The photographer unwittingly takes a picture of her looking cross-eyed at a fly on her nose which turns out to be the photo entered in the contest. Entrants must go to a Town Hall ball, but Ma, Prissy and Lotta won't allow her to go. Waite sees her crying on the front steps and tells her he will take her to the ball. She says she has nothing to wear, so he convinces her to use one of her stepsisters' dresses. At the judges' table, Prissy and Lotta react violently when they see the dress.

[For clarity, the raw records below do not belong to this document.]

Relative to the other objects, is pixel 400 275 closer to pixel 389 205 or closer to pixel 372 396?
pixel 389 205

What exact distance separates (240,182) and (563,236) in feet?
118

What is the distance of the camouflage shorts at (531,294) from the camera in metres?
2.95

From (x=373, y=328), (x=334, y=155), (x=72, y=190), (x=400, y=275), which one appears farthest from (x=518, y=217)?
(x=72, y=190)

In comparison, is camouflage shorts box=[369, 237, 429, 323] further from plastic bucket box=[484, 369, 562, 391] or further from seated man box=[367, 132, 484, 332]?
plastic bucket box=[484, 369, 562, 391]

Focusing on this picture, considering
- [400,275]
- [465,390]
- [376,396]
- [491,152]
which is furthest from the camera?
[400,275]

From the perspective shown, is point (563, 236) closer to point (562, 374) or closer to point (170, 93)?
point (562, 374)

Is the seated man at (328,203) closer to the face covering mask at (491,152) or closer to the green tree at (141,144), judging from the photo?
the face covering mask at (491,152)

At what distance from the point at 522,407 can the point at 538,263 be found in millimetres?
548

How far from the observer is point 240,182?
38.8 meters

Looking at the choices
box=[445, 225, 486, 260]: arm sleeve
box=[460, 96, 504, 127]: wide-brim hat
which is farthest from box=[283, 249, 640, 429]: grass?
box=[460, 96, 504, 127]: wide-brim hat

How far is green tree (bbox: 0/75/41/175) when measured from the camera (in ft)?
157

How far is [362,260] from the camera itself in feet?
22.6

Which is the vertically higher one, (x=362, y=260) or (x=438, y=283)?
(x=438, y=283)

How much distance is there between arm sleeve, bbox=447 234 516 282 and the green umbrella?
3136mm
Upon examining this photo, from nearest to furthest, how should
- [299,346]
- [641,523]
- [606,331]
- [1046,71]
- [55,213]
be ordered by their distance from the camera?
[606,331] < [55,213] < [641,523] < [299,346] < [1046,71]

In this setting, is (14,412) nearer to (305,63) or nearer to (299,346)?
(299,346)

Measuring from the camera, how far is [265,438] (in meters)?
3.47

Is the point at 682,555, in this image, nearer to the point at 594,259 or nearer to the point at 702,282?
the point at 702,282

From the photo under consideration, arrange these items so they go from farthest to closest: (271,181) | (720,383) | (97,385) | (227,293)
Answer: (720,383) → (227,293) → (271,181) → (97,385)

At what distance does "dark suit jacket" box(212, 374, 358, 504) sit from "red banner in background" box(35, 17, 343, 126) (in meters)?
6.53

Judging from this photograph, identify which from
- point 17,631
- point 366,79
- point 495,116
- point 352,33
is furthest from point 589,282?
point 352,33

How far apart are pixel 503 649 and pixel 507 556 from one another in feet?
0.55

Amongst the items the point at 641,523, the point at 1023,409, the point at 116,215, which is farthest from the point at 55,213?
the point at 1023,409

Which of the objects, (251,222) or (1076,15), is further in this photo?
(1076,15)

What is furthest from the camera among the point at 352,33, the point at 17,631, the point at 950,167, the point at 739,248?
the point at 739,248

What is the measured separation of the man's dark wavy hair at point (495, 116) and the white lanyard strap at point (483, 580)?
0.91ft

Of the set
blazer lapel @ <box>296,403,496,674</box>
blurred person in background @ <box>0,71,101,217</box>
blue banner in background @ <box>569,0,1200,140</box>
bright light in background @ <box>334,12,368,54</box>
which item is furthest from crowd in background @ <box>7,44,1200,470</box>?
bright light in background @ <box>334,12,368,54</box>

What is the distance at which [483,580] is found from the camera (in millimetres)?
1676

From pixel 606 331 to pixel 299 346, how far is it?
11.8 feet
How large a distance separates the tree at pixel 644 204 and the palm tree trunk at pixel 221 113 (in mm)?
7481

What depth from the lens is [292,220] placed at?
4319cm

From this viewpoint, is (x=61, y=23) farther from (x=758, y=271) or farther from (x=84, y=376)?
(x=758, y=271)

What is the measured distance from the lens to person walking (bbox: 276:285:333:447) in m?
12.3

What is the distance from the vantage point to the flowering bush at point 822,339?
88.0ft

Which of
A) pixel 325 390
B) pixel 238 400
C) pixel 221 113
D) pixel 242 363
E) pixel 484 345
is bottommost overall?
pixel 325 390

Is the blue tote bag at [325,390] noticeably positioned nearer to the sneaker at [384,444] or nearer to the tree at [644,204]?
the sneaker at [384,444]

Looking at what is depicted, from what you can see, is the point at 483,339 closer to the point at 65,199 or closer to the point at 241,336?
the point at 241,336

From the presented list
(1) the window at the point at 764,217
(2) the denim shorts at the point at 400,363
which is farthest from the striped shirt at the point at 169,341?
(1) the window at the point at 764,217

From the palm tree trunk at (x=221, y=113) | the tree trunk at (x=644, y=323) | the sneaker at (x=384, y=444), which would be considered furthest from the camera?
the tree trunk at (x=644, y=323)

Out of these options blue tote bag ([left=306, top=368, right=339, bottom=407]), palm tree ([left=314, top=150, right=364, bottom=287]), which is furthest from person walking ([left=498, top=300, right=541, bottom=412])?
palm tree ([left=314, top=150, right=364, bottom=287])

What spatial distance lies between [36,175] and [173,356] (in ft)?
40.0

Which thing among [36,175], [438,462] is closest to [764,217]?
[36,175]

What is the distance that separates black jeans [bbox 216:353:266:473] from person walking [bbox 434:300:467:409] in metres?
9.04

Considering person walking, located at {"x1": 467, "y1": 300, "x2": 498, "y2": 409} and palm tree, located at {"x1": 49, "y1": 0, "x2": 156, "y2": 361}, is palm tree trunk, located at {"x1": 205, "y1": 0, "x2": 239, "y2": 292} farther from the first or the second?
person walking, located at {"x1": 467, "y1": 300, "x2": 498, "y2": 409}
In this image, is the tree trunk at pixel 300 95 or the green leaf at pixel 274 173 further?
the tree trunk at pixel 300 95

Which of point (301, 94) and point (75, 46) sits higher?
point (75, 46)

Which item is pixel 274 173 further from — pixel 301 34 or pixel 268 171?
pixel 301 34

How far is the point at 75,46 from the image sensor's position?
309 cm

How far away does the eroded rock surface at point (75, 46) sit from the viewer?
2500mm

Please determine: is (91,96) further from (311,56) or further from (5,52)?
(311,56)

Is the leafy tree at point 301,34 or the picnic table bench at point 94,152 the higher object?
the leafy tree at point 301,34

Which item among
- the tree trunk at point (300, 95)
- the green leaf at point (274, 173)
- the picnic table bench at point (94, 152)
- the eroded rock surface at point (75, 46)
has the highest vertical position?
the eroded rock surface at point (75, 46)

The embarrassed Ella flees the ball, losing one of her slippers. She heads for an employment agency hoping for a new start, only to be placed right back with Ma, who vows to punish her severely.

Later, the judges come to the house and tell Ella that she is the winner because they were amused by the cross-eyed photo and were looking at someone capable of comedy, much to Ella's disappointment at first, and Ma's fury. Ella heads for Hollywood, where she is disappointed to discover the contest was a fraud. Fearing what would happen if she tried to return to Roseville, she decides to stay in Hollywood and break into the industry as an actress the hard way; after substantial rejection and failed attempts to literally break into a studio lot, she succeeds, landing a contract to play the lead role in a rags-to-riches story similar to her own life.

Waite turns out to be football hero and wealthy heir George Waite, who runs to Hollywood, sweeps Ella off her feet on the set, and marries her. The two have a child and live happily ever after.

==Production==
Portions of the film take place on the sets of a movie studio, so many regulars at First National Studios appear in the film. The film's director, Alfred E. Green, appears in the film as the director of the film being shot as Ella Cinders (Colleen Moore) runs through the studio. Harry Langdon also makes a cameo in the film as a famous film comedian who is being directed by a young Frank Capra.

The character of George Waite/Waite Lifter (Lloyd Hughes) was a parody of real-life football star Red Grange, who likewise played at the University of Illinois and worked as an iceman during the offseason. This was the last time that Moore and Hughes starred together in a film, having previously played the leads in The Huntress (1923), Sally (1925), The Desert Flower (1925) and Irene (1926).

==Preservation and home media==
Copies of Ella Cinders are preserved at the UCLA Film & Television Archive, George Eastman Museum and the Library of Congress.

Ella Cinders is currently held in the public domain. It has since been released on DVD by Sunrise Silents, Reel Classic DVD and Grapevine Video.